1)      O artigo 72.o do Regulamento (UE) n.o 528/2012 do Parlamento e do Conselho, de 22 de maio de 2012, relativo à disponibilização no mercado e à utilização de produtos biocidas, conforme alterado pelo Regulamento (UE) n.o 334/2014 do Parlamento Europeu e do Conselho, de 11 de março de 2014, deve ser interpretado no sentido de que:

–        se opõe a uma regulamentação nacional que exige a aposição de uma menção, além da prevista neste artigo, na publicidade dirigida aos profissionais relativa aos produtos biocidas dos tipos de produtos 2 e 4, abrangidos pelo grupo 1 destes tipos de produtos, que figura no anexo V deste regulamento, bem como dos tipos de produtos 14 e 18, abrangidos pelo grupo 3 destes tipos de produtos, que figuram no anexo V do referido regulamento;

–        não se opõe a uma regulamentação nacional que proíbe a publicidade dirigida ao público em geral relativa aos produtos biocidas dos tipos de produtos 2 e 4, abrangidos pelo grupo 1 destes tipos de produtos, que figuram no anexo V do Regulamento n.o 528/2012, conforme alterado pelo Regulamento n.o 334/2014, bem como dos tipos de produtos 14 e 18, abrangidos pelo grupo 3 destes tipos de produtos, que figuram no anexo V deste regulamento.

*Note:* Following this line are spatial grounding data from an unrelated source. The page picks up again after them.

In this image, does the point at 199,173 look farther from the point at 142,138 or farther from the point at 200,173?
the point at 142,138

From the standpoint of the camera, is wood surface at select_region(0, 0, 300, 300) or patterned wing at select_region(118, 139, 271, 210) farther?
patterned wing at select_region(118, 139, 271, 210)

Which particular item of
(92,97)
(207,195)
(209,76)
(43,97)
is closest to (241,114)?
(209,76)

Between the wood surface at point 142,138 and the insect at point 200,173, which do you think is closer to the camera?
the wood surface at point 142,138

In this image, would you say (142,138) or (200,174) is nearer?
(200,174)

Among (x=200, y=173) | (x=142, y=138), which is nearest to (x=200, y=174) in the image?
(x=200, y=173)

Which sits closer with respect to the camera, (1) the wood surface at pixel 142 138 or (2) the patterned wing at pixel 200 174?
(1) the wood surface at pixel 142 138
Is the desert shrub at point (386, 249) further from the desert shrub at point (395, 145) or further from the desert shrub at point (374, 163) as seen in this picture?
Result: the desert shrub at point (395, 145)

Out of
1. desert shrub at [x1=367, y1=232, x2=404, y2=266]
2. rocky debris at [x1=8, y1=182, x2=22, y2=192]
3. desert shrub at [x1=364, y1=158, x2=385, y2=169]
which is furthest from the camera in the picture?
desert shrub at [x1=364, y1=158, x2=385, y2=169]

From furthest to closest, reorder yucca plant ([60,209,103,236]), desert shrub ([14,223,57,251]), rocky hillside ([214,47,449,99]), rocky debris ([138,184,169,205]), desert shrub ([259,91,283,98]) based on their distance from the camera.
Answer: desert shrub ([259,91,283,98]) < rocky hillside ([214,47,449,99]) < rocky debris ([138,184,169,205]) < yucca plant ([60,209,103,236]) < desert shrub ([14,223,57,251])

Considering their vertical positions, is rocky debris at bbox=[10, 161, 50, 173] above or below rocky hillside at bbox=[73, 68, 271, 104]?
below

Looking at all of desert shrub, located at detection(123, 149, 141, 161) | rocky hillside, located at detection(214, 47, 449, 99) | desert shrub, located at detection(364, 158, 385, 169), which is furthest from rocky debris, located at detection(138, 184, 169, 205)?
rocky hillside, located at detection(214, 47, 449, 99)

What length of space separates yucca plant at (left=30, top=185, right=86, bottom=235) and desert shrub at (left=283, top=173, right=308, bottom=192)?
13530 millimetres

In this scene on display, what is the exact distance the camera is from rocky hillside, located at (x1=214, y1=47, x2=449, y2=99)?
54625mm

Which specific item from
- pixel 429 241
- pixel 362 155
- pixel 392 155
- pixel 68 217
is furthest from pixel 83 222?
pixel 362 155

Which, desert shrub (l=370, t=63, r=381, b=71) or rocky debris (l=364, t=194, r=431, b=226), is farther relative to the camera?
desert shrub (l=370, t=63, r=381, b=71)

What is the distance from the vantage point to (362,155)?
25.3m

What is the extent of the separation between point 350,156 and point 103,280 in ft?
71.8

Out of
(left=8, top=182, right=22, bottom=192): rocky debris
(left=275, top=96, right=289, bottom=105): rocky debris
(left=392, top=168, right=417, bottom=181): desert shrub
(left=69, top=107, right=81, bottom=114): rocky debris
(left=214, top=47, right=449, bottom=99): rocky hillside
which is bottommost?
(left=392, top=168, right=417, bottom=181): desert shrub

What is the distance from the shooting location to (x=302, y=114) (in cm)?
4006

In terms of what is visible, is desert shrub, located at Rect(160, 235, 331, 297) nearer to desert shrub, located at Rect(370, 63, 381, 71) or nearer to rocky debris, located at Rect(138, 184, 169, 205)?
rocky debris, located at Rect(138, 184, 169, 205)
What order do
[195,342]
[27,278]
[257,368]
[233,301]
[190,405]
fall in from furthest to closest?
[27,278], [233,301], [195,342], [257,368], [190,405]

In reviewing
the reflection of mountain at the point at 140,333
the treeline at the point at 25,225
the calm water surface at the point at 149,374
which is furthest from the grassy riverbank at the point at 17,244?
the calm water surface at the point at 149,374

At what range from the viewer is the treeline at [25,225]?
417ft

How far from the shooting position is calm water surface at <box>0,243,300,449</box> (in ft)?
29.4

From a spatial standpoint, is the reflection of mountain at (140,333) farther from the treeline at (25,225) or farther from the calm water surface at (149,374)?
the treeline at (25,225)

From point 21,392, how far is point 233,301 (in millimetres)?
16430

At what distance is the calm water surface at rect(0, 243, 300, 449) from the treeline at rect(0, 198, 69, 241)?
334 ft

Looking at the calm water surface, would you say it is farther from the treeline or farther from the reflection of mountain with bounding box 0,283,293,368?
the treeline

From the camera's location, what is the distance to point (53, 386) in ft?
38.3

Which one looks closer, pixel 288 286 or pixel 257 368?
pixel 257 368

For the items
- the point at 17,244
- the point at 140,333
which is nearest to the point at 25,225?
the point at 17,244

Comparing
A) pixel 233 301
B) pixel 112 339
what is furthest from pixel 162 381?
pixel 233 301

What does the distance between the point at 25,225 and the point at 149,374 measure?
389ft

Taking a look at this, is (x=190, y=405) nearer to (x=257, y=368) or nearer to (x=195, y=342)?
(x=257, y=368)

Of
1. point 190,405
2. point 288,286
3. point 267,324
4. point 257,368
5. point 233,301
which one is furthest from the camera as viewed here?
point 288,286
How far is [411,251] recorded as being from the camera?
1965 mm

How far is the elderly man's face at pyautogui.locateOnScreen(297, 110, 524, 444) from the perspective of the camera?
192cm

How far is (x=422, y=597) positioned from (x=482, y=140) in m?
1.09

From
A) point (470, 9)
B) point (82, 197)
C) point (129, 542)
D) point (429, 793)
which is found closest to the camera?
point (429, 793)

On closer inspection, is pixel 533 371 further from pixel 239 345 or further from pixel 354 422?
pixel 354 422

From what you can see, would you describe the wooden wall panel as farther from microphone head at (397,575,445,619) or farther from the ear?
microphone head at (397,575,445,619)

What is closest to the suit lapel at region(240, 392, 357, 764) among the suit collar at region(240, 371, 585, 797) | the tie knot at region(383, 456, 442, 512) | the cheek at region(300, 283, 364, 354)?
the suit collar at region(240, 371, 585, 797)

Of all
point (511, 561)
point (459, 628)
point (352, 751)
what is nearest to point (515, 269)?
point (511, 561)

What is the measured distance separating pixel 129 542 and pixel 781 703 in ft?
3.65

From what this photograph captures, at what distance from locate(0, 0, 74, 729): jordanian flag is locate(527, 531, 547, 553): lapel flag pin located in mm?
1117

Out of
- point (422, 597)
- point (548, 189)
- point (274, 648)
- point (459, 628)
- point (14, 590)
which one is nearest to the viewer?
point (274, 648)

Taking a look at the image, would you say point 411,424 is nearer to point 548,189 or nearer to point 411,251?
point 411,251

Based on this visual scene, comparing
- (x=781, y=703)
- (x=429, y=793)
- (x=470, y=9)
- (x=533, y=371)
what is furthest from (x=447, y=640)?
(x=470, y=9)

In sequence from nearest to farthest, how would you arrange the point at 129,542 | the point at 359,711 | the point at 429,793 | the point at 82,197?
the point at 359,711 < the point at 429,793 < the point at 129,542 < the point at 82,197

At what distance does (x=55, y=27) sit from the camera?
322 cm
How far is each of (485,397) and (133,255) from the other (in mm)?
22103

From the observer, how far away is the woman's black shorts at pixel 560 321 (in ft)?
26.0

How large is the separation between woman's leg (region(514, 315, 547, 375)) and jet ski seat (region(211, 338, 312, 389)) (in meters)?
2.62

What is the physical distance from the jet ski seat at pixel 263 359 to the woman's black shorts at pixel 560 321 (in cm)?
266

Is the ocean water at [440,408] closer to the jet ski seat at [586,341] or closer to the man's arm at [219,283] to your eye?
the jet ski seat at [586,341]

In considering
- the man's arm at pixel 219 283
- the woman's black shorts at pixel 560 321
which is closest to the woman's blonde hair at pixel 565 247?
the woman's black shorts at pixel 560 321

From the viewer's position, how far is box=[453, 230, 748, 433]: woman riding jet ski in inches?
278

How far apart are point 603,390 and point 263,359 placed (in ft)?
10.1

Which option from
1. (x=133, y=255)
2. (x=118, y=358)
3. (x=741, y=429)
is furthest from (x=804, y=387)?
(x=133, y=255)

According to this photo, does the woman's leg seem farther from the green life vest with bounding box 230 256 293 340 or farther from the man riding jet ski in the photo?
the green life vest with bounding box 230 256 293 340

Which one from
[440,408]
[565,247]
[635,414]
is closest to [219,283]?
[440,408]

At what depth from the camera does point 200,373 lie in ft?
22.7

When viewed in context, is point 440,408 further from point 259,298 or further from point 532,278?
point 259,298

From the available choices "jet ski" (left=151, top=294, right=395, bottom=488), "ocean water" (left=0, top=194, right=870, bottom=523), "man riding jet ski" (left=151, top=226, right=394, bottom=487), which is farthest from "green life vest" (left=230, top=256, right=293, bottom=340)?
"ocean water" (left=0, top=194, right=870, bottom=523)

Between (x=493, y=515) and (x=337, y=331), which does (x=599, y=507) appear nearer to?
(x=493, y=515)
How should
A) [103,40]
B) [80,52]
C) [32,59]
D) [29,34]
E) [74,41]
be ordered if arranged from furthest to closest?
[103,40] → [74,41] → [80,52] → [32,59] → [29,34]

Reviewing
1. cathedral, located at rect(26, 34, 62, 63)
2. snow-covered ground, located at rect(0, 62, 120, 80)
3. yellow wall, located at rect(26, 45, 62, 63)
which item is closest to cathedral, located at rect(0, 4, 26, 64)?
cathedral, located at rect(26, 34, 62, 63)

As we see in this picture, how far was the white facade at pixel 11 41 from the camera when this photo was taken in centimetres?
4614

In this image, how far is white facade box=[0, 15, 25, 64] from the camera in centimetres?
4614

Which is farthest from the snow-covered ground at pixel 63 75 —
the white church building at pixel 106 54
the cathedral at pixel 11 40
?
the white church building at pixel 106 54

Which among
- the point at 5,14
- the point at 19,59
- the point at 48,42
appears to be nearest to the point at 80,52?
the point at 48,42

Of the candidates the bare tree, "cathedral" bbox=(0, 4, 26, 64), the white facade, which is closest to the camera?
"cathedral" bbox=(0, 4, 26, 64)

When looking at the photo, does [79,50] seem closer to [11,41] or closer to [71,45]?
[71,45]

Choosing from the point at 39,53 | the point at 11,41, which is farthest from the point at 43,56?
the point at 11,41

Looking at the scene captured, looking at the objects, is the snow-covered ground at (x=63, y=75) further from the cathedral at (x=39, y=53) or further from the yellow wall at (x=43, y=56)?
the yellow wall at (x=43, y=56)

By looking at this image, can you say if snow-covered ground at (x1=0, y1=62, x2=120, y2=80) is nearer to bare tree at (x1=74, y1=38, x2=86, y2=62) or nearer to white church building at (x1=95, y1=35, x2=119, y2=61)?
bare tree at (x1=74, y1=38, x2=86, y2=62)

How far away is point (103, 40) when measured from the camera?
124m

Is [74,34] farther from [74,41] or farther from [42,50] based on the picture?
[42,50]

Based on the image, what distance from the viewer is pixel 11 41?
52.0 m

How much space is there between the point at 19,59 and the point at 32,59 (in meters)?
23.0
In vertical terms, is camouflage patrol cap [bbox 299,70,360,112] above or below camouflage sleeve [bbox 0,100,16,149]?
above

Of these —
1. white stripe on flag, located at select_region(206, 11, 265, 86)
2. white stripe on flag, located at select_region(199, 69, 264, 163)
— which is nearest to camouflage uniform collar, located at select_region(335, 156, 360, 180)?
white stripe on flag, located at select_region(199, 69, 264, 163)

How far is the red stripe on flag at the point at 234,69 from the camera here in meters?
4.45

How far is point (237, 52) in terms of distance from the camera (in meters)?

2)      Os artigos 34.o e 36.o TFUE devem ser interpretados no sentido de que:

–        não se opõem a uma regulamentação nacional que proíbe certas práticas comerciais, como os descontos, os abatimentos, as reduções, a diferenciação das condições gerais e especiais de venda, a entrega de unidades gratuitas e todas as práticas equivalentes, relativas a produtos biocidas dos tipos de produtos 14 e 18, abrangidos pelo grupo 3 destes tipos de produtos, que figuram no anexo V do Regulamento n.o 528/2012, conforme alterado pelo Regulamento n.o 334/2014, desde que essa regulamentação seja justificada por objetivos de proteção da saúde e da vida das pessoas e do ambiente, seja adequada a garantir a concretização destes objetivos e não vá além do que é necessário para os alcançar, o que cabe ao órgão jurisdicional de reenvio verificar;

–        não se opõem a uma regulamentação nacional que proíbe a publicidade dirigida ao público em geral relativa aos produtos biocidas dos tipos de produtos 2 e 4, abrangidos pelo grupo 1 destes tipos de produtos, que figuram no anexo V deste regulamento, bem como dos tipos de produtos 14 e 18, abrangidos pelo grupo 3 destes tipos de produtos, que figuram no anexo V do referido regulamento, desde que essa regulamentação seja justificada por objetivos de proteção da saúde e da vida das pessoas e do ambiente, seja adequada a garantir a concretização destes objetivos e não vá além do que é necessário para os alcançar, o que cabe ao órgão jurisdicional de reenvio verificar.

Assinaturas


*      Língua do processo: francês.


i      Na sequência de uma verificação de texto por parte da Unidade Portuguesa, houve necessidade de corrigir este acórdão, posteriormente à sua primeira publicação em linha.